Madeline Davis, a distinguished gay rights advocate, writer, archivist, and librarian, held the distinction of being the first openly lesbian major-party delegate to a U.S. national convention.

Originally from Buffalo, New York, Davis pursued her education at the University of Buffalo, earning both a bachelor’s degree in English and a master’s degree in library studies.

In her twenties, Davis came to realize her lesbian identity, having previously been married to a man for three years in the 1960s before their separation.

During the late 1960s, Davis co-founded and later served as president of the Mattachine Society of the Niagara Frontier, an early gay rights organization. She was also a co-founder of Fifth Freedom, the inaugural LGBT magazine in New York.

In 1971, Davis delivered a speech at the first gay rights march at the New York state capitol. Shortly thereafter, she penned the song "Stonewall Nation," which is now hailed as the premier gay liberation record and an anthem for the gay rights movement.

As a representative of New York’s 37th Congressional District in 1972, Davis made history by becoming the first openly lesbian individual to address the Democratic National Convention. She boldly proclaimed, “I am a woman and a lesbian, a minority of minorities. Now we are coming out of our closets and onto the convention floor.” That same year, Davis, alongside fellow activist Margaret Small, taught what she described as the inaugural college-level course on gay women, titled “Lesbianism 101,” at the University of Buffalo. Davis took the lead in organizing pride workshops in New York City, speaking at LGBT protests and rallies, and lecturing at universities nationwide on topics related to gay rights, feminism, and gender.

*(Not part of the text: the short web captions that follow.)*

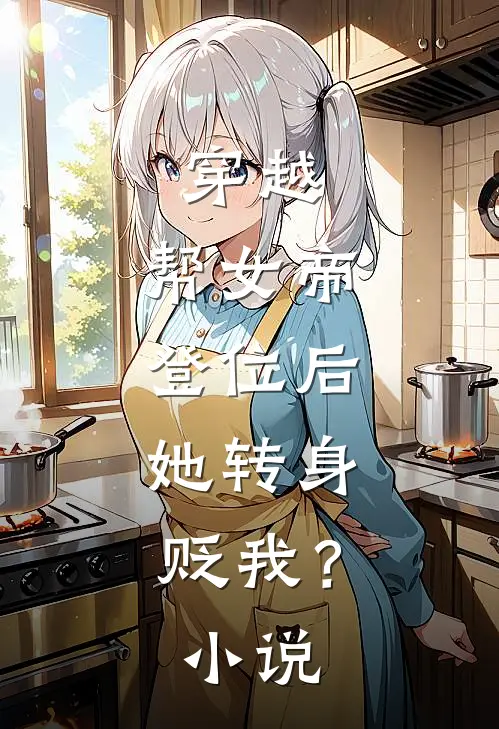 穿越：帮女帝登位后，她转身贬我？小说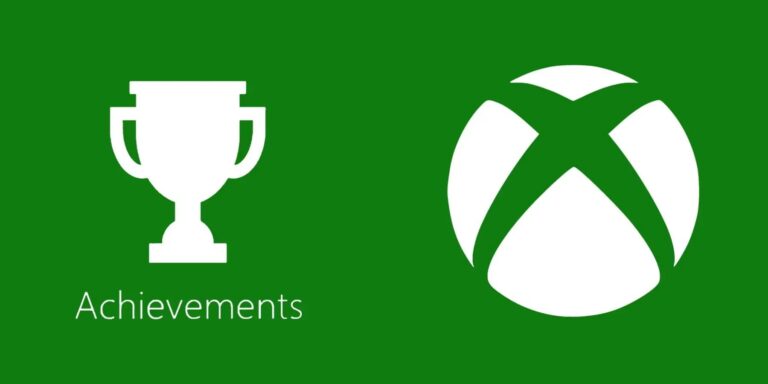 Xbox Rumor Suggests Big Changes Could Be Coming to Achievements This Year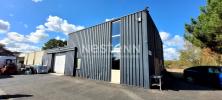 Vente Commerce Saint-cyr-en-val  473 m2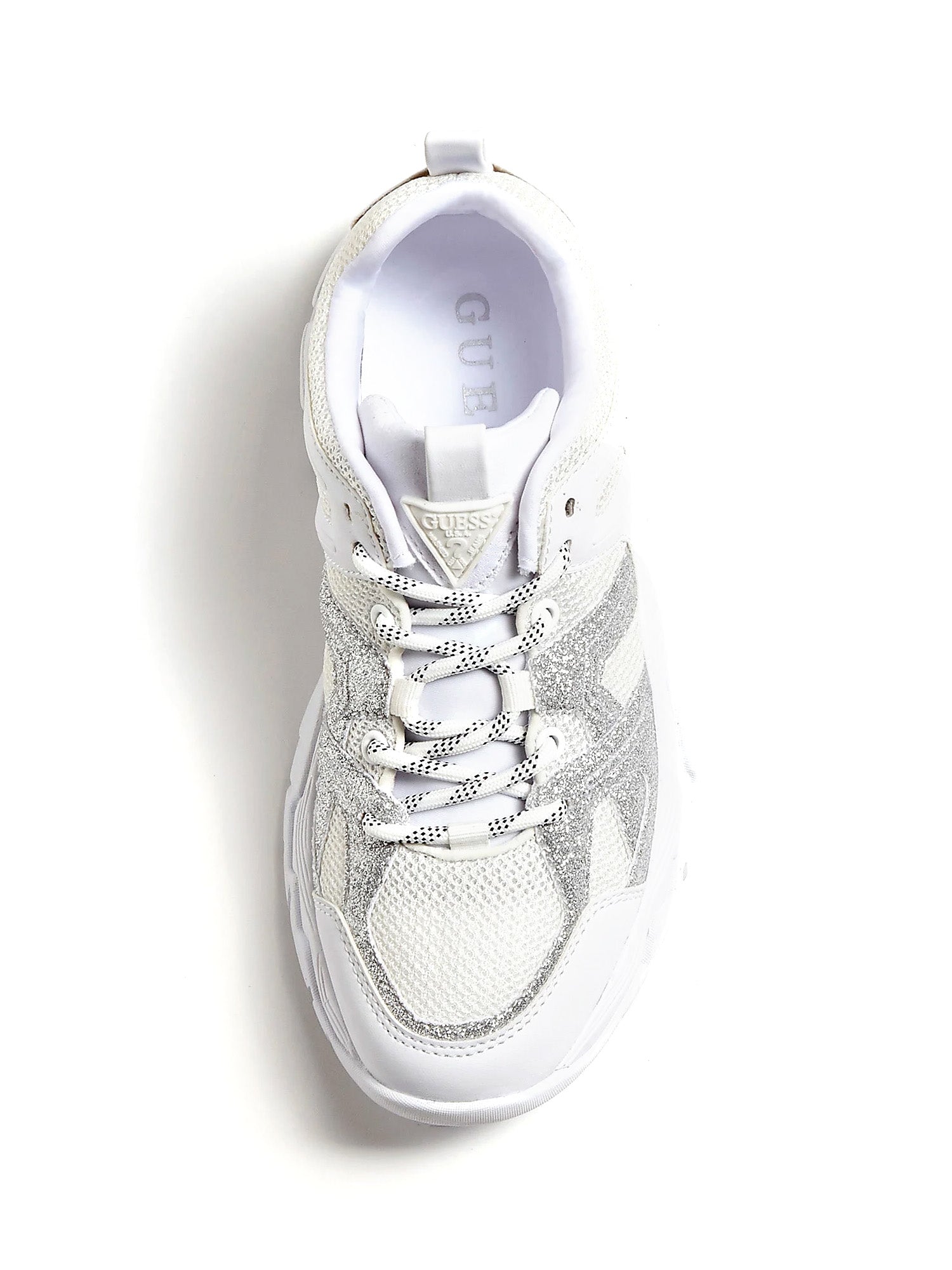 Sneakers Bianco Guess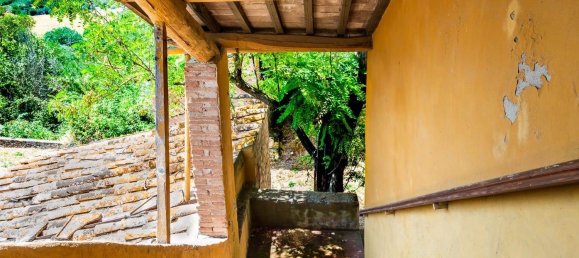 10 rooms House in Certaldo, Italy No. 219024 16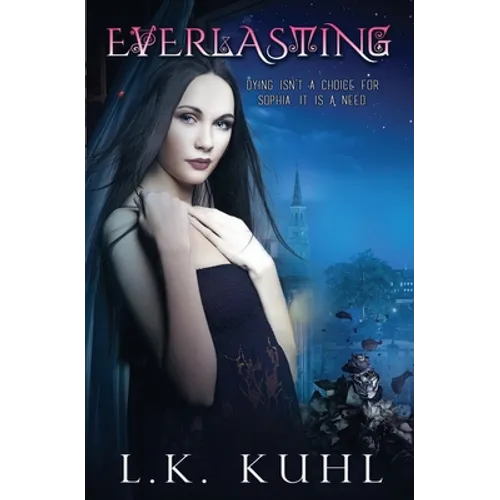 Everlasting: Book 1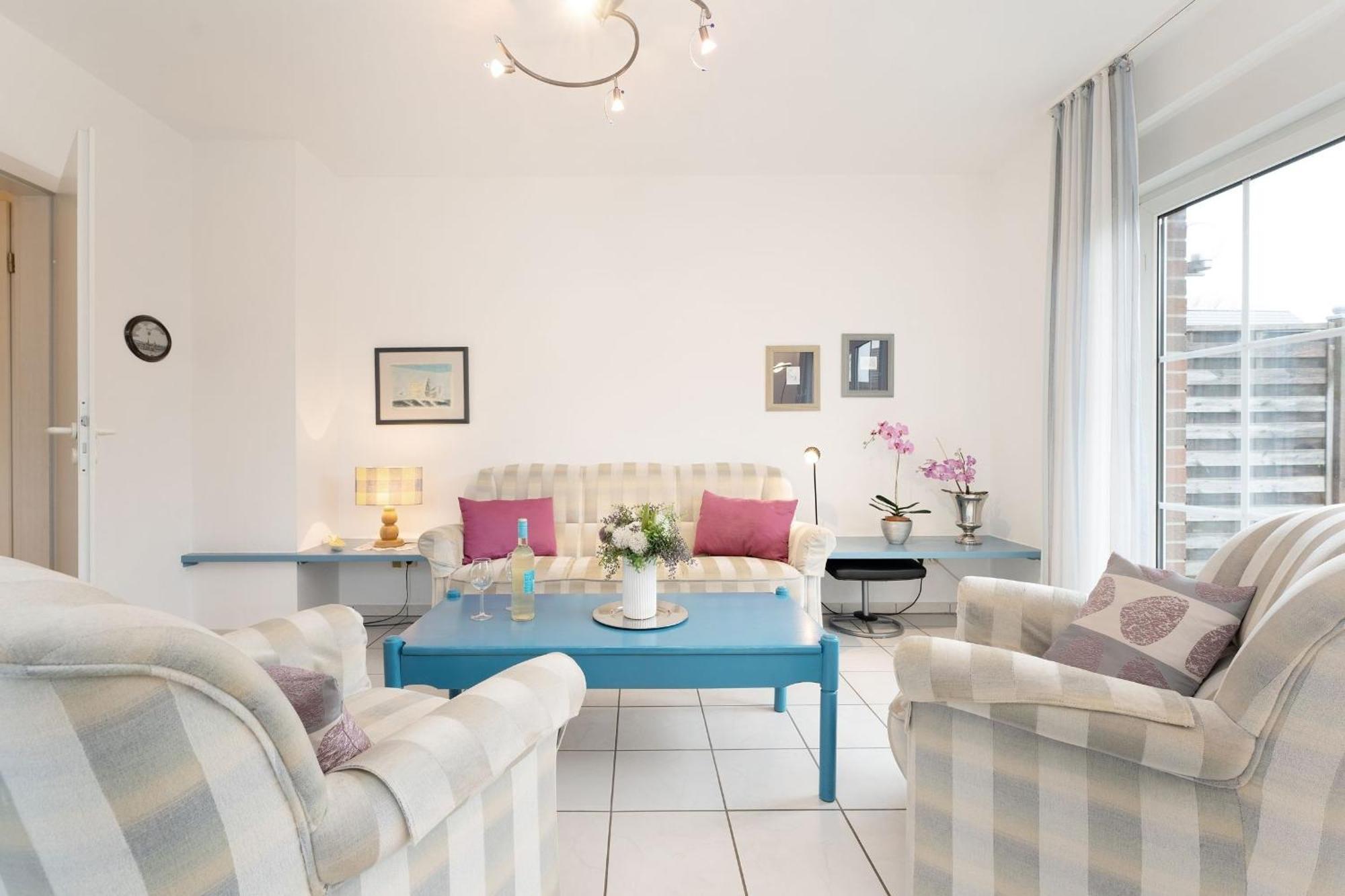 Ferienhaus Kamphans Kellenhusen Bagian luar foto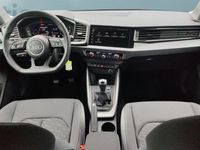 Gebraucht Audi A1 95 PS (69 kW) 2025 Grau SUV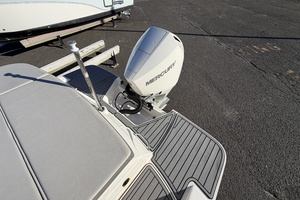 23ft Sea Ray Yacht For Sale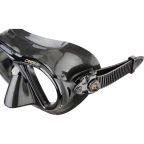 Cressi Nano Mask - Low Volume Freediving Mask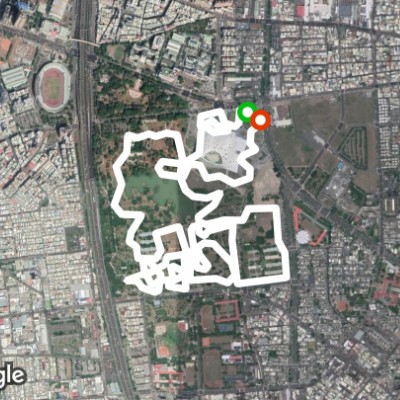 衛武營都會公園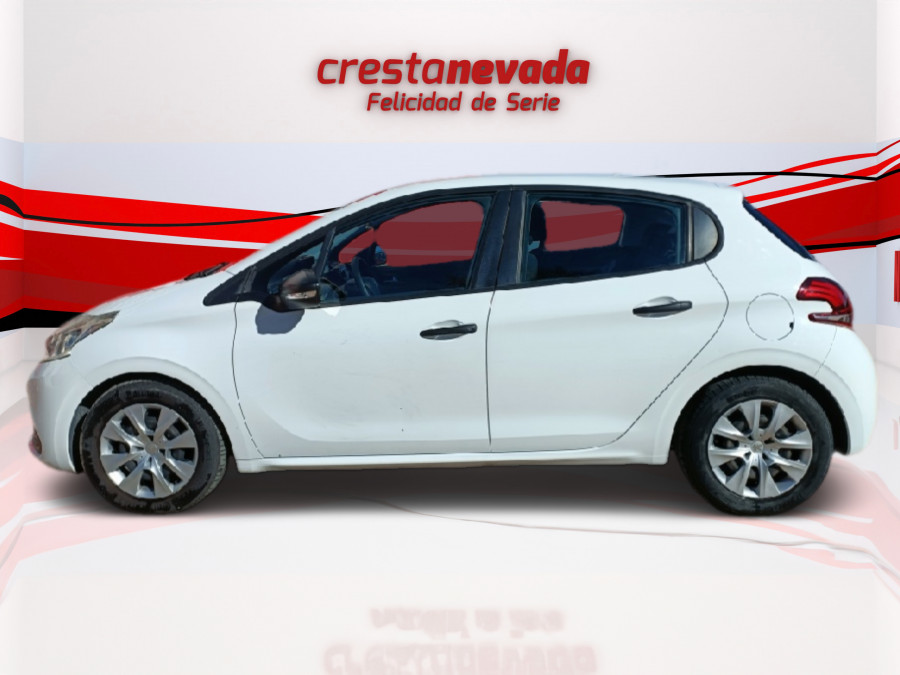 Imagen de Peugeot 208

In the 1990s, Davis assumed the role of chief conservator and head of preservation for the Buffalo Public Library system. She was the founder and director of the Buffalo Gay, Lesbian, Bisexual, and Transgender Archives, which are presently housed in the Buffalo State College Library. Additionally, Davis authored magazine and journal articles, short stories, and poems. In 1993, she co-authored “Boots of Leather, Slippers of Gold: The History of a Lesbian Community” with Elizabeth Lapovsky Kennedy.

In 1995, Davis entered into marriage with activist Wendy Smiley, marking the inaugural same-sex wedding within the Buffalo Jewish community. The couple relocated to Amherst, New York, in 2006, where Davis continued her work as a librarian and archivist. In 2012, she assumed the role of vice president for community liaison of the Stonewall Democrats and was posthumously inducted into the Advocate magazine’s Hall of Fame.

Davis passed away at the age of 80 due to complications arising from a stroke, and her obituary was featured in The New York Times.